In the postwar years Geelong entered a glorious period of growth. Successive football premierships (1951-52) were won and local cyclist Russell Mockridge, won two gold medals at the Helsinki Olympic Games. Population growth was rapid as postwar migrants settled in new suburbs. The Shell Oil Refinery opened at Corio in 1954, and the on-rush to modernity saw retail takeovers from Melbourne and the closure of the electric-tram services. The Alcoa aluminium refinery was opened at Geelong’s pioneering landing place, Point Henry, in 1963. It employed over 500 people before closing in 2014. Between 1947 and 1965 greater Geelong’s population went from 58,400 to 101,600 persons.

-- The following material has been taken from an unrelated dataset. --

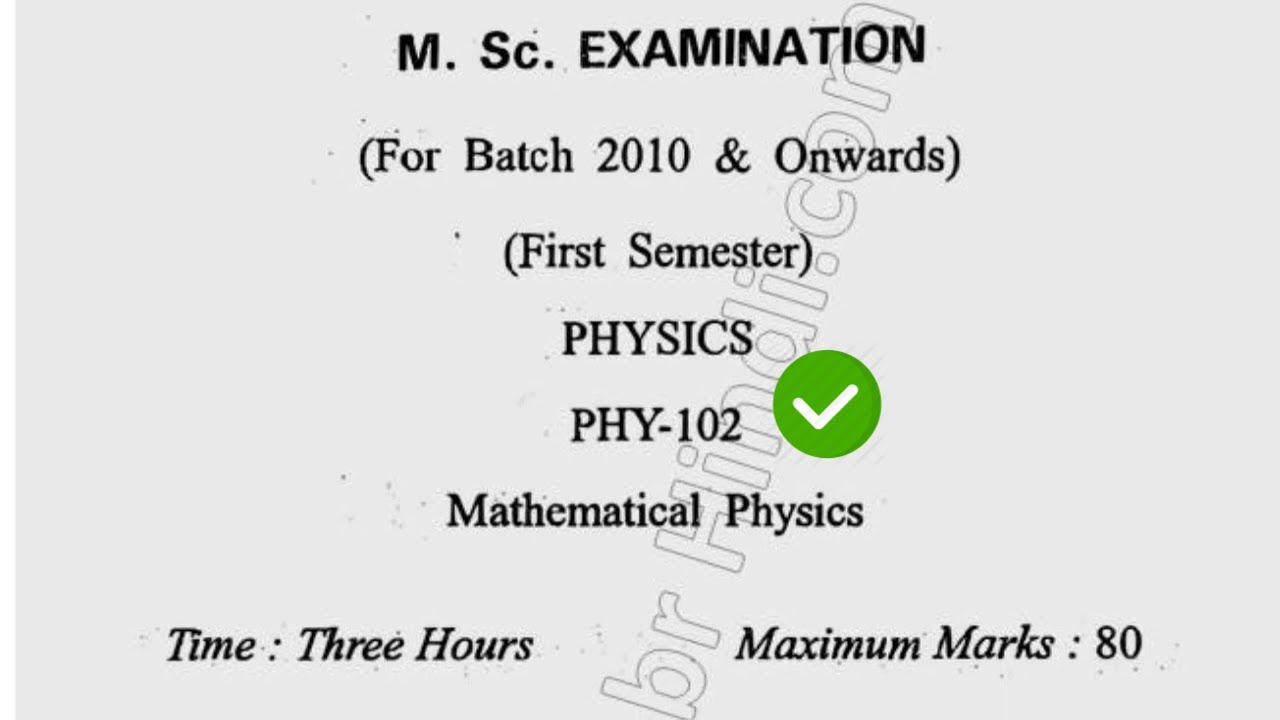 2014 Cdlu MSc Physics 1st Sem Mathematical Physics Question Paper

The rapid development beyond central Geelong resulted in small old industrial premises becoming under-used or abandoned. The mixed-use core of Geelong, with a network of lanes for access to small subdivisions and loading yards, became anachronistic. Urban consolidation for redevelopment overtook older areas, much like inner Melbourne underwent site consolidation during the 1960s-80s. Market Square was developed in 1985, adding a department store, supermarket and 95 shops. Three years later in the adjoining block to the north Bay City Plaza was built with a department store, discount department store and 82 shops. The two sites added 45,200 sq metres of retail floor space to Geelong, bringing it to over 160,000 sq metres. It had been some years since electric trams took people shopping, as buses took over from them in 1954. In 2013 the Gillard federal Labor government announced that Geelong would be the headquarters of the national disability insurance scheme, DisabilityCare.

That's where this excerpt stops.